Defendants next contend that the alleged extortionate acts upon which plaintiff predicates its RICO claims are preempted by the NLRA. The NLRA preempts state and federal court jurisdiction to remedy conduct arguably protected under § 7 or prohibited under § 8 of the Act. Amalgamated Ass'n of Street, Elec. Ry. & Motor Coach Emps. v. Lockridge, 403 U.S. 274, 276, 91 S.Ct. 1909, 29 L.Ed.2d 473 (1971) (citing San Diego Bldg. Trades Council v. Garmon, 359 U.S. 236, 79 S.Ct. 773, 3 L.Ed.2d 775 (1959) (" Garmon preemption" )). Garmon preemption does not apply where (1) Congress has carved out an exception to the National Labor Relations Board's (NLRB) jurisdiction; (2) the regulated activity touches interests " deeply rooted in local feeling and responsibility; " or (3) the activity regulated is " merely a peripheral concern" of labor laws. Vaca v. Sipes, 386 U.S. 171, 179-80, 87 S.Ct. 903, 17 L.Ed.2d 842 (1967). If Garmon preemption is implicated, the courts are completely deprived of the power to act unless the NLRB determines that the challenged conduct is neither protected nor prohibited by the NLRA. Sears, Roebuck & Co. v. San Diego County Dist. Council of Carpenters, 436 U.S. 180, 199 n.29, 98 S.Ct. 1745, 56 L.Ed.2d 209 (1978).

As to the first exception to Garmon preemption, Congress has listed two labor-related statutes in its definition of " racketeering activity," pertaining to actions concerning restrictions on payments and loans to labor organizations or embezzlement from labor funds. 18 U.S.C. § 1961(1)(C) (citing 29 U.S.C. § 186 and § 501(c)). Plaintiff has not alleged violations under either of these statutes, so the first exception does not apply. The second exception for regulated activities involving a primarily local concern likewise does not apply, since the relationship of two federal laws, RICO and the NLRA, is at issue here, rather than a state and federal law. Tamburello v. Comm-Tract Corp., 67 F.3d 973, 977 (1st Cir. 1995); Teamsters Local 372, Detroit Mailers Union Local 2040 v. Detroit Newspapers, 956 F.Supp. 753, 759 (E.D. Mich. 1997).
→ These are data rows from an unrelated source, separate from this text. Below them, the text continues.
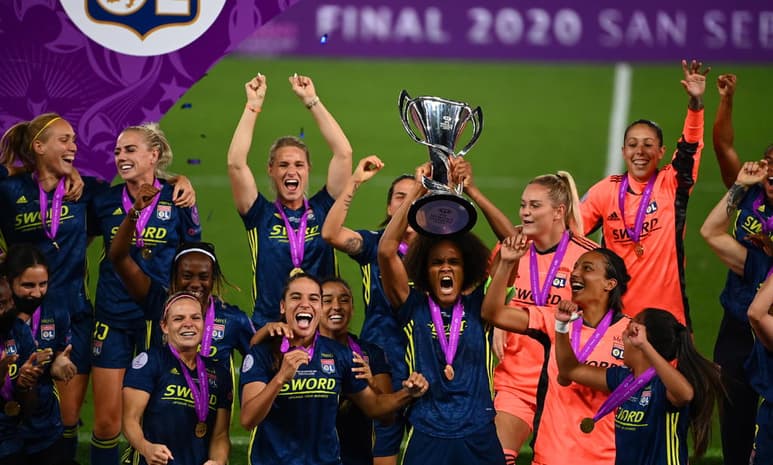 El Consejo de la FIFA, consciente del crecimiento en la última década del fútbol femenino, ha aprobado una reforma de la reglamentación que favorece a las jugadoras y entrenadoras. (ARCHIVO)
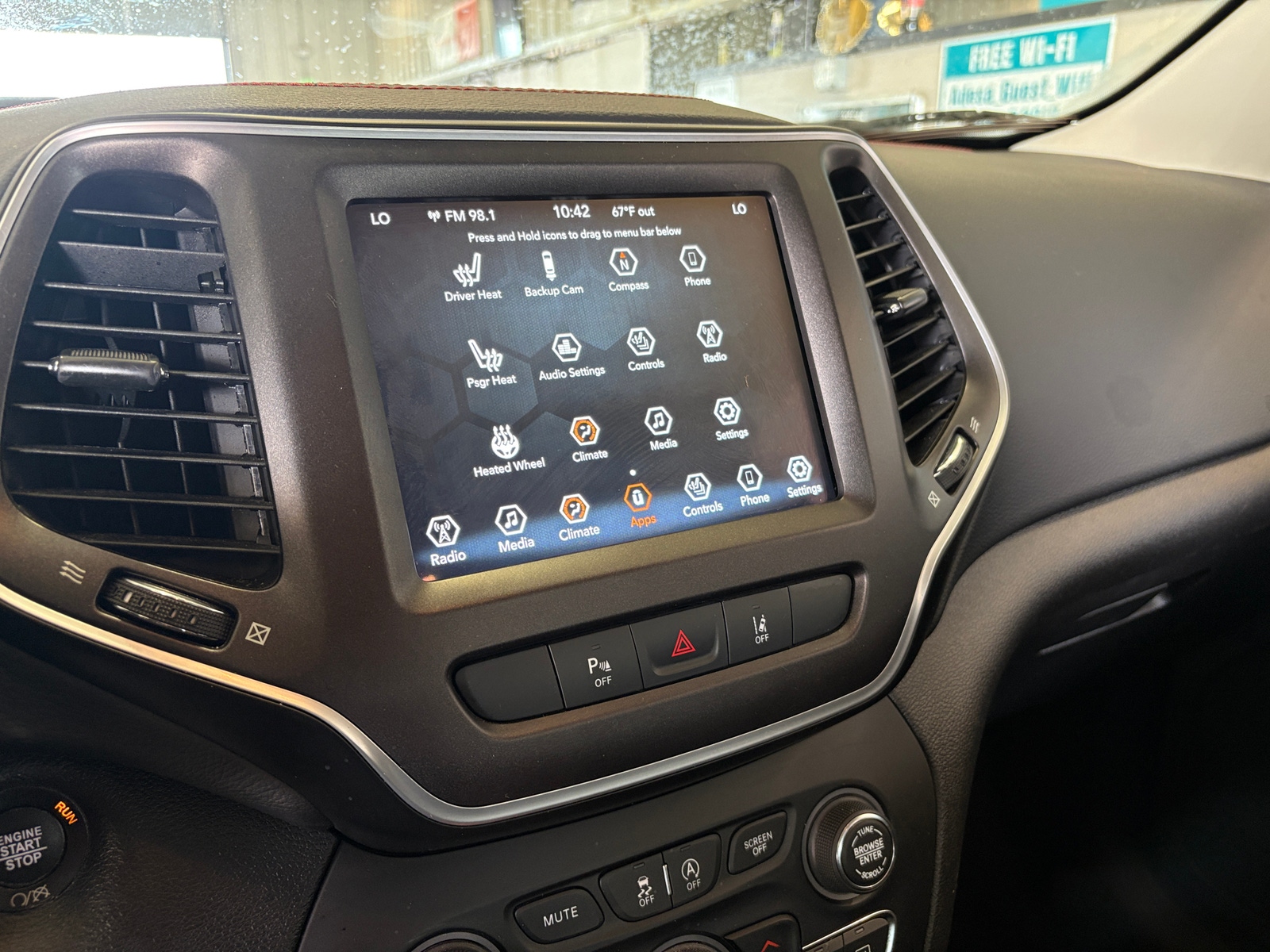 Thumbnail: 2021 Jeep Cherokee - 4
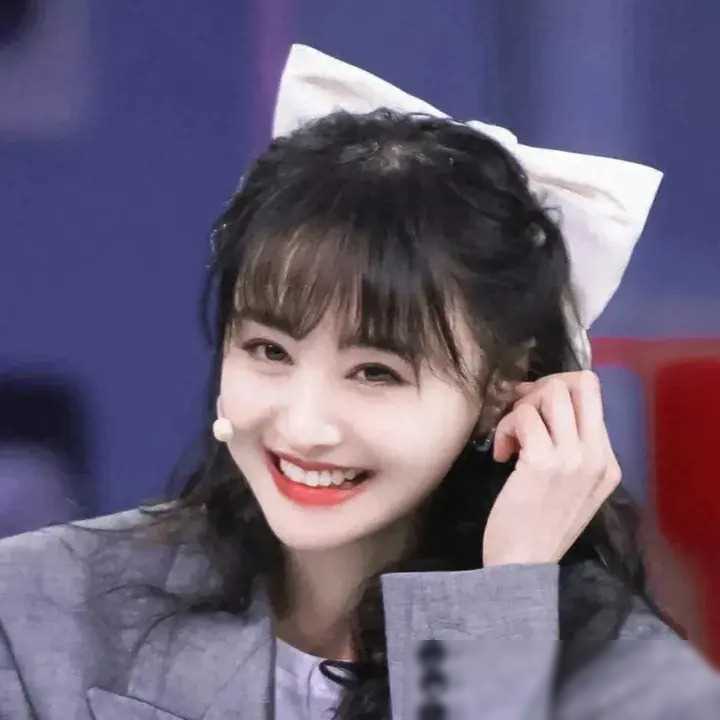 郑爽大变样引发热议,五官不协调引发热议_照片_人们_影响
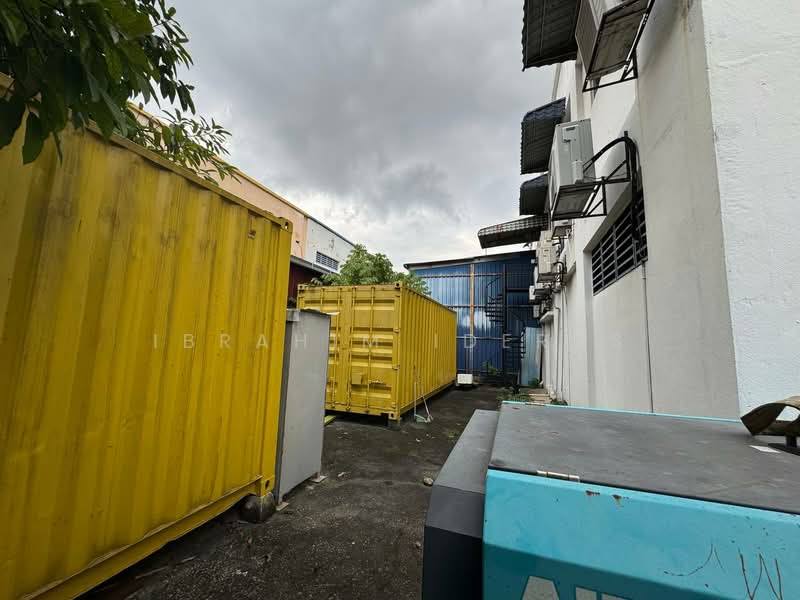 Semi-D Factory for Sale in Subang Jaya (Selangor) - Ibrahim Iderus - Exterior - PropertyGuru.com.my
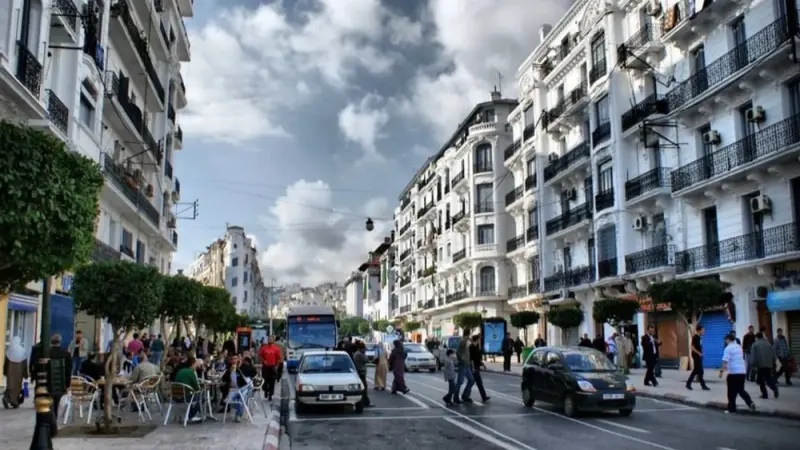 فيديو - الجزائر تتحرك لوقف نزيف الطرقات.. اختبار جديد للسائقين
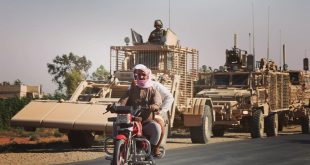 الجيش الأمريكي يتدخل لفضّ اشتباك بين أبناء الرقة وميليشيات الحماية الكردية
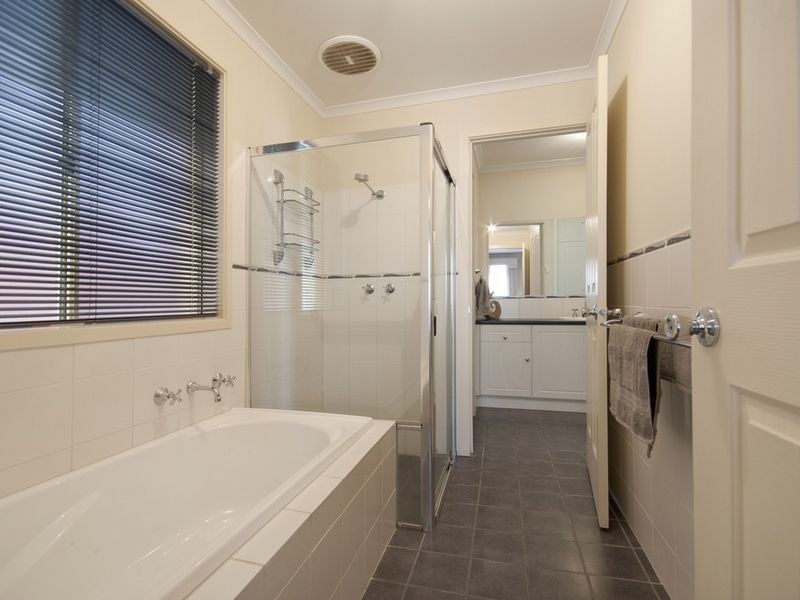 7 Springton Lane, Greenwith SA 5125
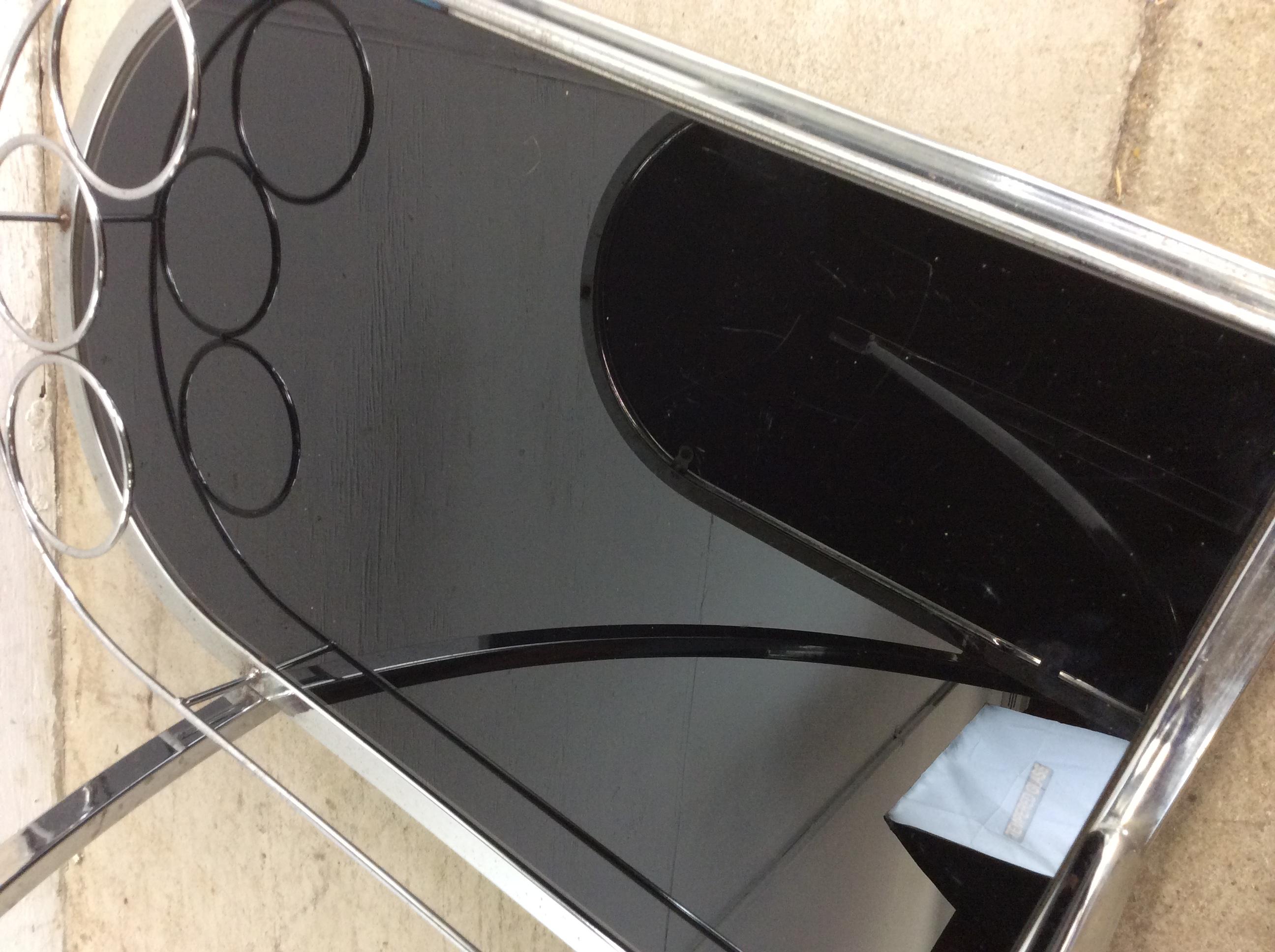 Carrito de bar con ruedas postmoderno de cromo y cristal en venta 8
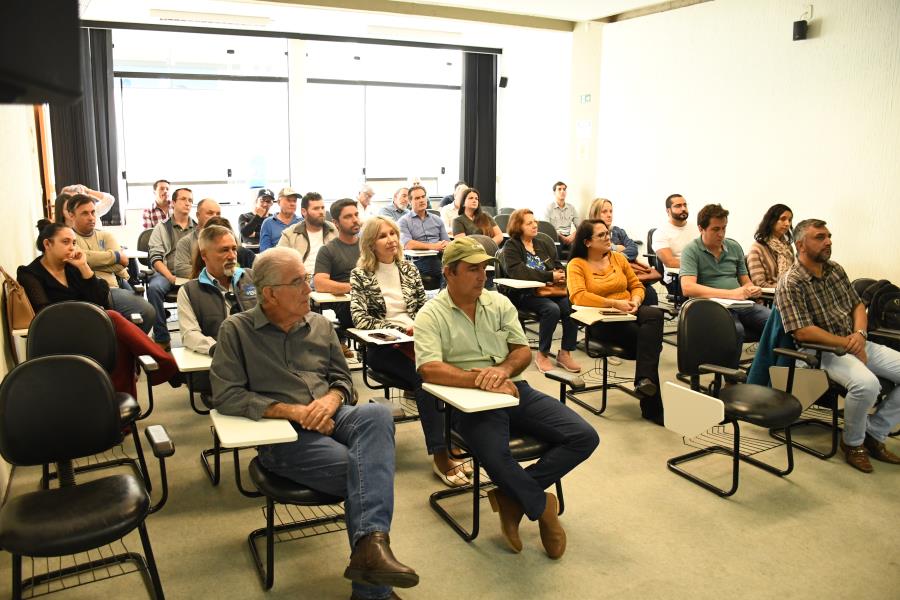 DEPARTAMENTO DE MEIO AMBIENTE REALIZOU REUNIÃO PARA DIALOGAR SOBRE ÁREAS DE APP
For the third exception to Garmon preemption, which involves determining whether the alleged acts are merely peripheral or collateral to labor laws, the Court must look to the underlying conduct complained of in the RICO claims. Such a determination is " an intensely fact driven inquiry," and " [t]he focus must be on the particular allegations of the plaintiff's complaint to determine whether any or all of the claims may be resolved without determination of questions of federal labor law." Tamburello, 67 F.3d at 979, n.6. The Eighth Circuit has analyzed Garmon preemption as applied to RICO claims based upon predicate acts of extortion under the Hobbs Act. Brennan v. Chestnut, 973 F.2d 644 (8th Cir. 1992) (examining Butchers' Union, Local No. 498 v. SDC Inv., Inc., 631 F.Supp. 1001 (E.D. Cal. 1986)). In Brennan, the Eighth Circuit held that the Hobbs Act, 18 U.S.C. § 1951, and an unspecified state law prohibiting extortion were generic in nature, so the court would need to look to labor laws to define the extortionate conduct alleged to be the predicate acts for plaintiffs' RICO claim. 973 F.2d at 646. Therefore, the Eighth Circuit held that Garmon preemption applied. Id. at 647.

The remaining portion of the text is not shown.